Back to Cosmos

NER

code/artificial_intelligence/src/named_entity_recognition/NER.ipynb

latest4.6 KB
Original Source
<h2 align=center> NER using LSTMs with Keras</h2>
python
#Step 1: importing modules and project
%matplotlib inline
import matplotlib.pyplot as plt
import pandas as pd
import numpy as np
np.random.seed(0)
plt.style.use("ggplot")

import tensorflow as tf
print('Tensorflow version:', tf.__version__)
print('GPU detected:', tf.config.list_physical_devices('GPU'))
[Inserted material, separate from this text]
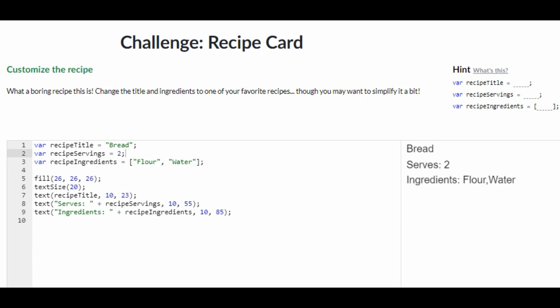Hey guys! Welcome back to my channel! In today's video, I'm going to be doing the challenge recipe card on Khan Academy computer programming.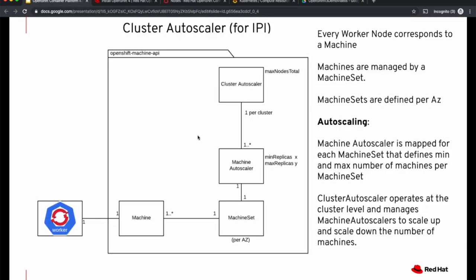So to summarize, in this video we have seen how to handle scaling manually and then we also saw how to set up machine and cluster auto-scalers to set up auto-scaling of the cluster based on the amount of workload going on on the cluster. I hope you enjoyed this video. Thanks a lot for watching.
Essential info about tagged entities:

  • geo = Geographical Entity
  • org = Organization
  • per = Person
  • gpe = Geopolitical Entity
  • tim = Time indicator
  • art = Artifact
  • eve = Event
  • nat = Natural Phenomenon
python
#Step 2: Load and Explore the NER Dataset
data = pd.read_csv("ner_dataset.csv", encoding="latin1")
data = data.fillna(method="ffill")
data.head(20)
python
print("Unique words in corpus:", data['Word'].nunique())
print("Unique tags in corpus:", data['Tag'].nunique())
python
words = list(set(data["Word"].values))
words.append("ENDPAD")
num_words = len(words)
python
tags = list(set(data["Tag"].values))
num_tags = len(tags)
python
#Step 3: Retrieve Sentences and Corresponsing Tags
class SentenceGetter(object):
    def __init__(self, data):
        self.n_sent = 1
        self.data = data
        self.empty = False
        agg_func = lambda s: [(w, p, t) for w, p, t in zip(s["Word"].values.tolist(),
                                                           s["POS"].values.tolist(),
                                                           s["Tag"].values.tolist())]
        self.grouped = self.data.groupby("Sentence #").apply(agg_func)
        self.sentences = [s for s in self.grouped]
    
    def get_next(self):
        try:
            s = self.grouped["Sentence: {}".format(self.n_sent)]
            self.n_sent += 1
            return s
        except:
            return None
python
getter = SentenceGetter(data)
sentences = getter.sentences
python
sentences[0]
python
#Step 4: Define Mappings between Sentences and Tags
word2idx = {w: i + 1 for i, w in enumerate(words)}
tag2idx = {t: i for i, t in enumerate(tags)}
python
word2idx
python
#Step 5: Padding Input Sentences and Creating Train/Test Splits
plt.hist([len(s) for s in sentences], bins=50)
plt.show()
python
from tensorflow.keras.preprocessing.sequence import pad_sequences

max_len = 50

X = [[word2idx[w[0]] for w in s] for s in sentences]
X = pad_sequences(maxlen=max_len, sequences=X, padding="post", value=num_words-1)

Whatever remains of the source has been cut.